> _TASK ITEM_: Could the data below be copied exactly, minus the pictures?

**** PROVIDED RECORDS ****

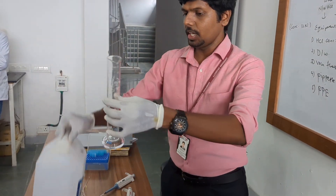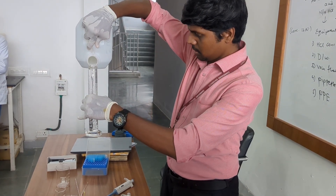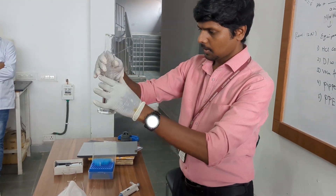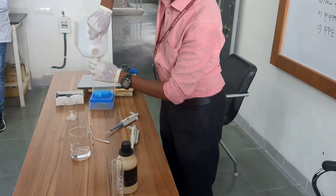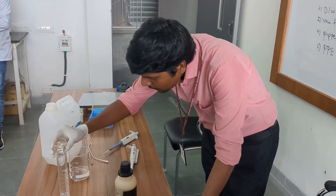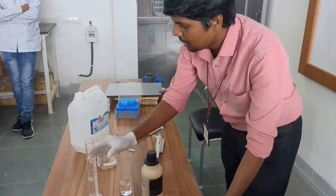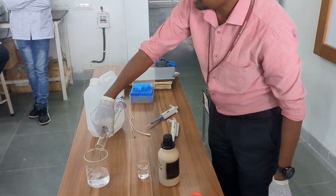I am taking an additional 50 ml, making the total volume 150 ml of distilled water added into the beaker.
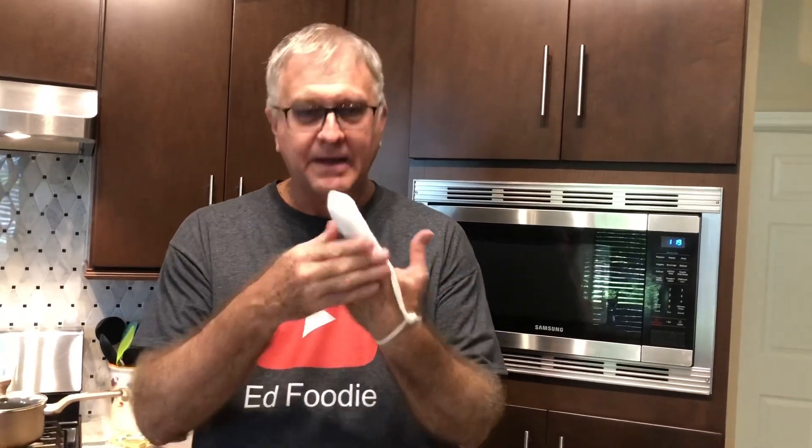Hi, welcome to Ed Foodie. Today I was thinking about some things I already liked in my childhood that my mom made and I haven't made videos yet. Two of them are some creamed vegetables, and I want to do two of them today because they're very quick to make, and also I'm incapacitated — I can't do much chopping in the next couple weeks.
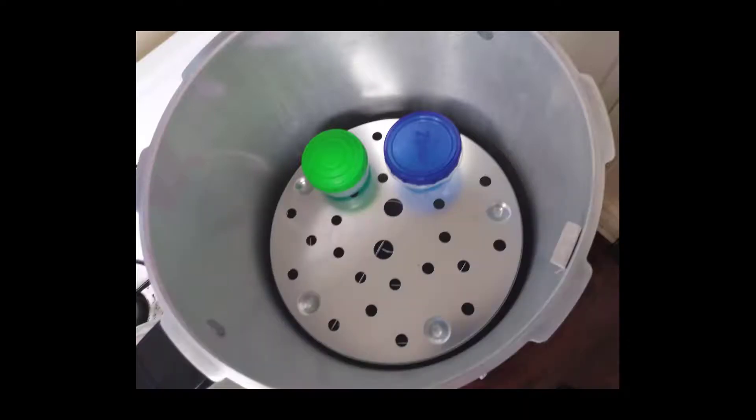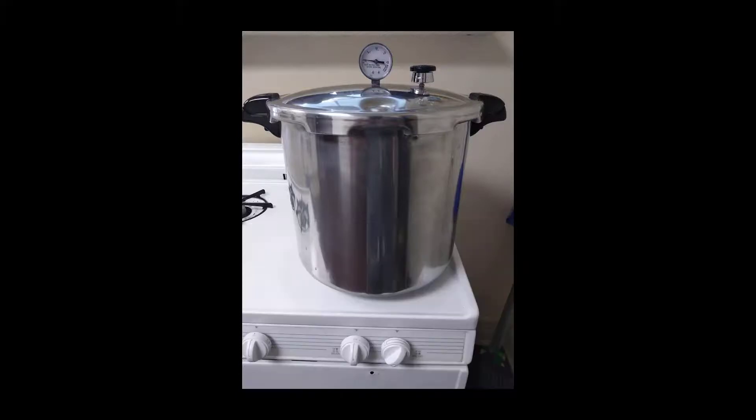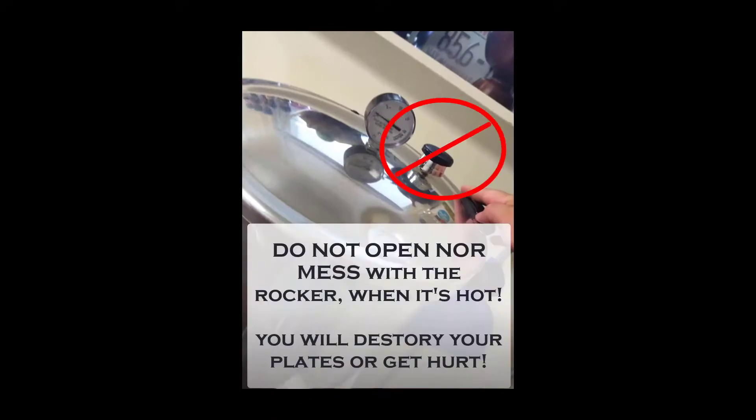Once you've filled all your plates, add them to the pressure cooker and cook them until the PC reaches 15 PSI. Once at 15 PSI, pressure cook them for 40 minutes. When they're done, allow the PC to cool — don't release the pressure.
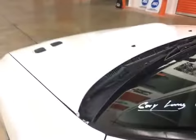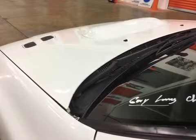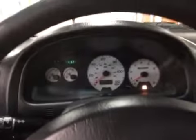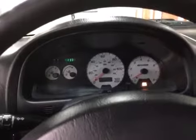Let's go ahead and listen to the engine. Please read all the notes. Thank you and good luck bidding.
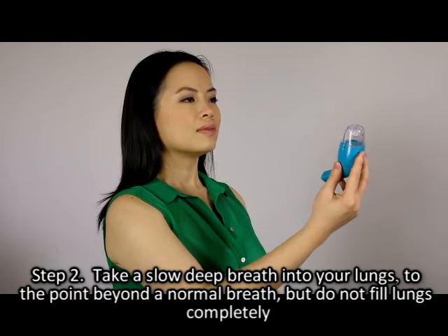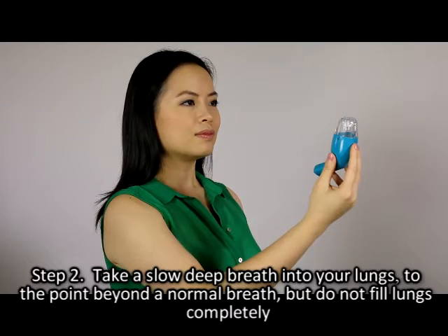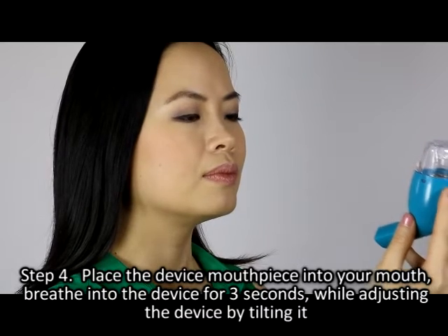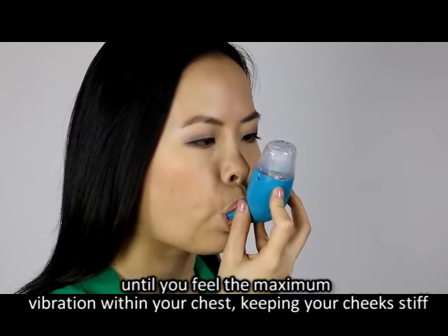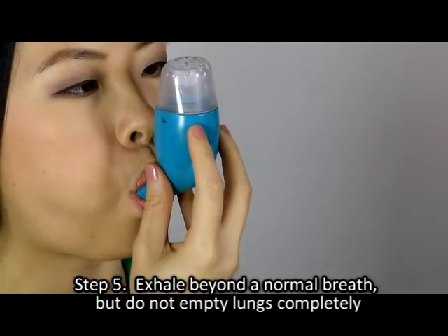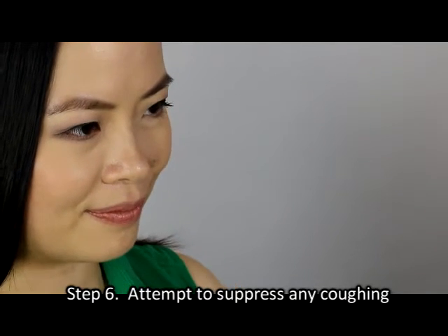Step two: take a slow deep breath into your lungs to the point beyond the normal breath, but do not fill lungs completely. Step three: hold breath for two to three seconds. Step four: place the device mouthpiece into your mouth, breathe into the device for three seconds while adjusting the device by tilting it until you feel the maximum vibration within your chest, keeping your cheeks stiff. Step five: exhale beyond a normal breath but do not empty lungs completely.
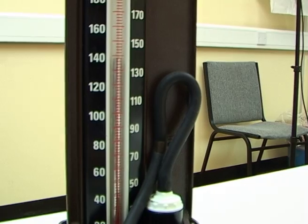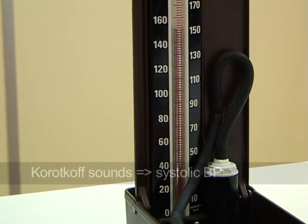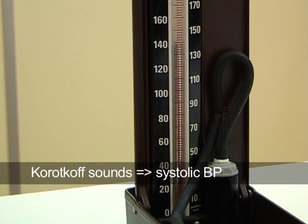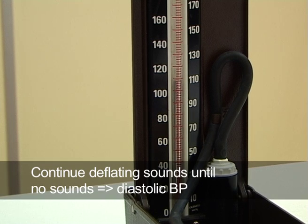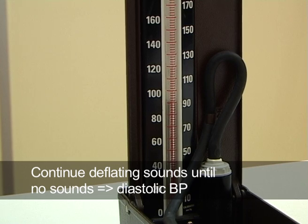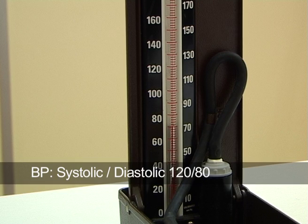Start deflating the cuff very gently until the first sounds are heard. As the blood starts to push through the deflating cuff, the turbulent blood flow produces the Korotkoff sounds followed by the systolic sounds. At this point, you need to note the systolic pressure. Continue deflating until the sounds gradually disappear. At the level where nothing can be heard, you note the diastolic pressure. The blood pressure is recorded as systolic over diastolic, such as 120 over 80.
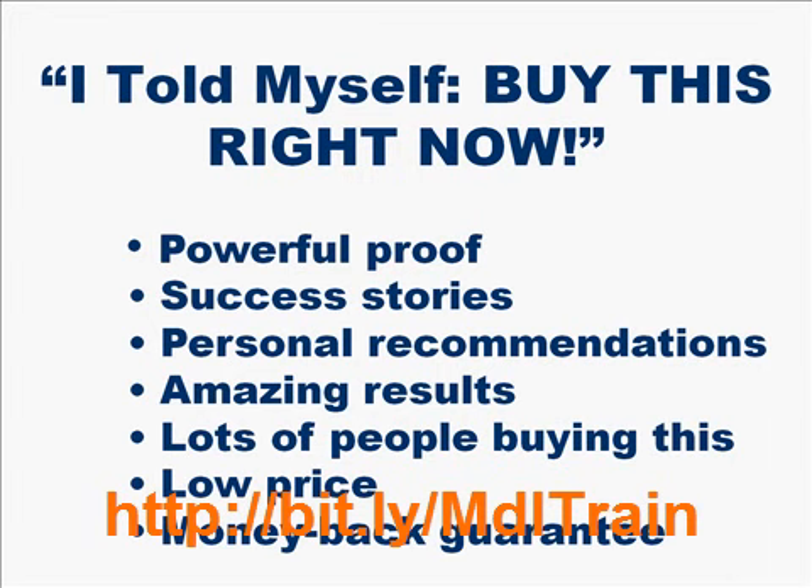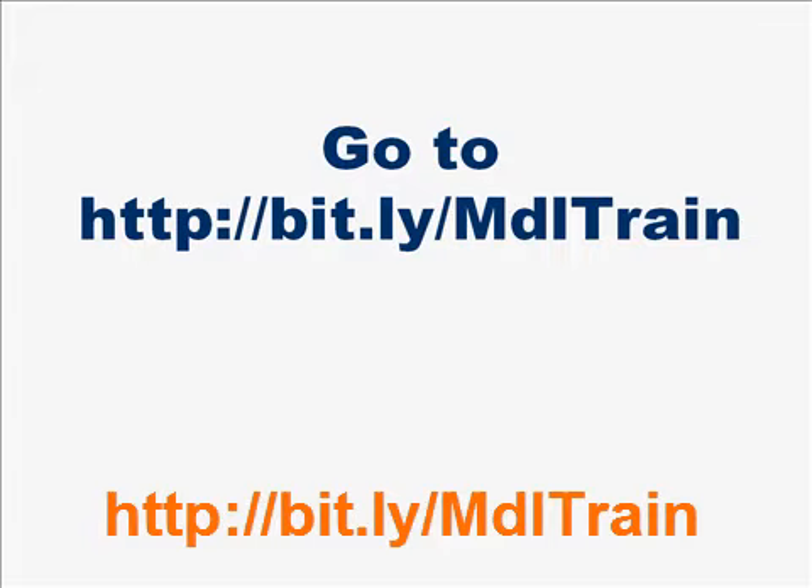After reading about the results again, I decided to look over the product one more time. I spent a lot of time researching model train help. I read through the information and looked at all the proof from various people, studied the low price, and more importantly the money-back guarantee, and finally said to myself: OK, this is an easy one. You just need to buy this right now.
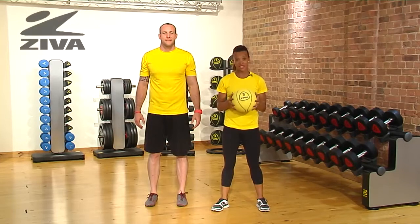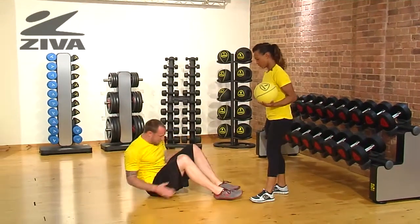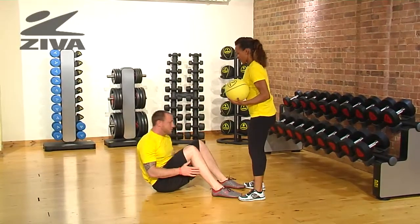I'm going to demonstrate a partner sit-up using the Ziva Medicine Ball. We're going to get Matt to lie on the floor, with your feet hip distance apart, knees bent, lie back.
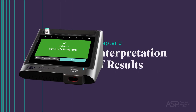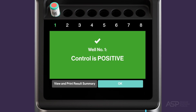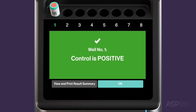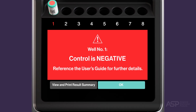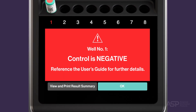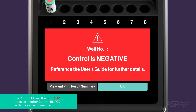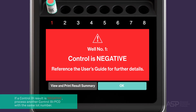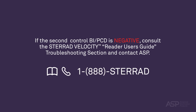Interpretation of Results — Control BI PCD. A positive result on a Control Biological Indicator Process Challenge Device indicates that both the reader and the BI PCD are functioning properly. A negative result on a Control BI PCD could have several causes; refer to the troubleshooting section of the STERAD Velocity Reader User's Guide for detailed instructions. If a negative result is observed, repeat the test with a second BI PCD from the same lot number. If the second BI PCD is also negative, consult the STERAD Velocity Reader User's Guide troubleshooting section and contact ASP.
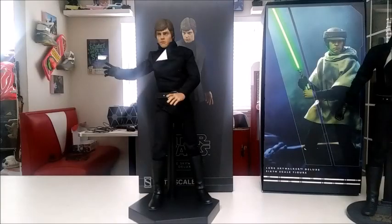Hey everyone, Scooby-Doo here and welcome to a brand new video. Today we're going to be doing a review on the one-sixth scale Sideshow Luke Skywalker Deluxe.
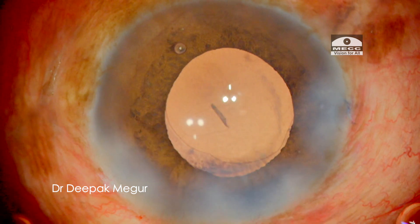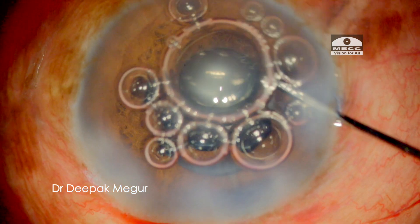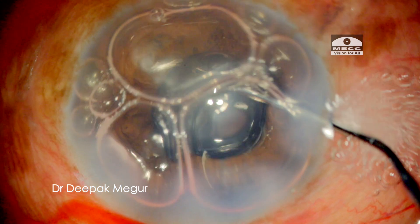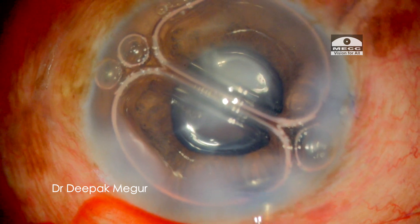At this point, I am seeing a small Descemet's membrane detachment, probably because of the increased maneuvering in the anterior chamber. To support it, I am putting an air bubble to provide a temporary tamponade.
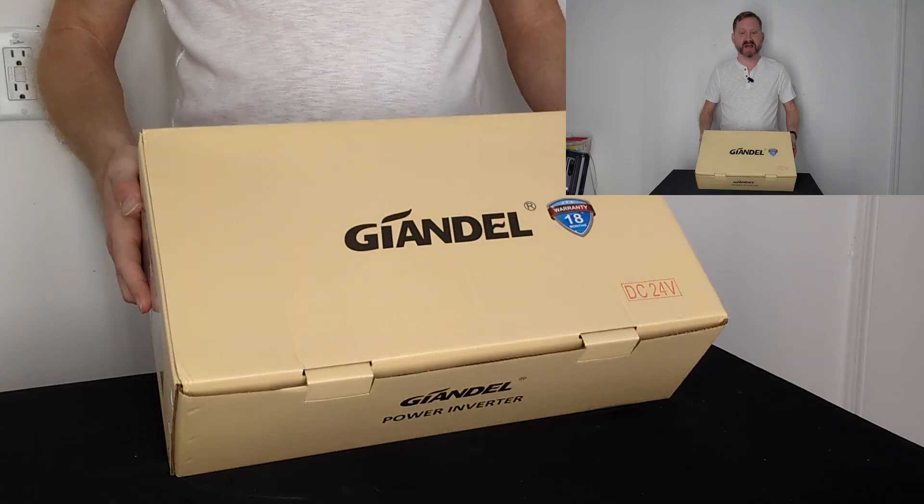Today we're going to take a look at the Gandale 24-volt, 2,000-watt inverter. I'm really excited to see what we've got inside.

****

> _RESPONSE AREA_:
I am taking an additional 50 ml, making the total volume 150 ml of distilled water added into the beaker.
Hi, welcome to Ed Foodie. Today I was thinking about some things I already liked in my childhood that my mom made and I haven't made videos yet. Two of them are some creamed vegetables, and I want to do two of them today because they're very quick to make, and also I'm incapacitated — I can't do much chopping in the next couple weeks.
Once you've filled all your plates, add them to the pressure cooker and cook them until the PC reaches 15 PSI. Once at 15 PSI, pressure cook them for 40 minutes. When they're done, allow the PC to cool — don't release the pressure.
Let's go ahead and listen to the engine. Please read all the notes. Thank you and good luck bidding.
Step two: take a slow deep breath into your lungs to the point beyond the normal breath, but do not fill lungs completely. Step three: hold breath for two to three seconds. Step four: place the device mouthpiece into your mouth, breathe into the device for three seconds while adjusting the device by tilting it until you feel the maximum vibration within your chest, keeping your cheeks stiff. Step five: exhale beyond a normal breath but do not empty lungs completely.
Start deflating the cuff very gently until the first sounds are heard. As the blood starts to push through the deflating cuff, the turbulent blood flow produces the Korotkoff sounds followed by the systolic sounds. At this point, you need to note the systolic pressure. Continue deflating until the sounds gradually disappear. At the level where nothing can be heard, you note the diastolic pressure. The blood pressure is recorded as systolic over diastolic, such as 120 over 80.
After reading about the results again, I decided to look over the product one more time. I spent a lot of time researching model train help. I read through the information and looked at all the proof from various people, studied the low price, and more importantly the money-back guarantee, and finally said to myself: OK, this is an easy one. You just need to buy this right now.
I'm going to demonstrate a partner sit-up using the Ziva Medicine Ball. We're going to get Matt to lie on the floor, with your feet hip distance apart, knees bent, lie back.
Interpretation of Results — Control BI PCD. A positive result on a Control Biological Indicator Process Challenge Device indicates that both the reader and the BI PCD are functioning properly. A negative result on a Control BI PCD could have several causes; refer to the troubleshooting section of the STERAD Velocity Reader User's Guide for detailed instructions. If a negative result is observed, repeat the test with a second BI PCD from the same lot number. If the second BI PCD is also negative, consult the STERAD Velocity Reader User's Guide troubleshooting section and contact ASP.
Hey everyone, Scooby-Doo here and welcome to a brand new video. Today we're going to be doing a review on the one-sixth scale Sideshow Luke Skywalker Deluxe.
At this point, I am seeing a small Descemet's membrane detachment, probably because of the increased maneuvering in the anterior chamber. To support it, I am putting an air bubble to provide a temporary tamponade.
Today we're going to take a look at the Gandale 24-volt, 2,000-watt inverter. I'm really excited to see what we've got inside.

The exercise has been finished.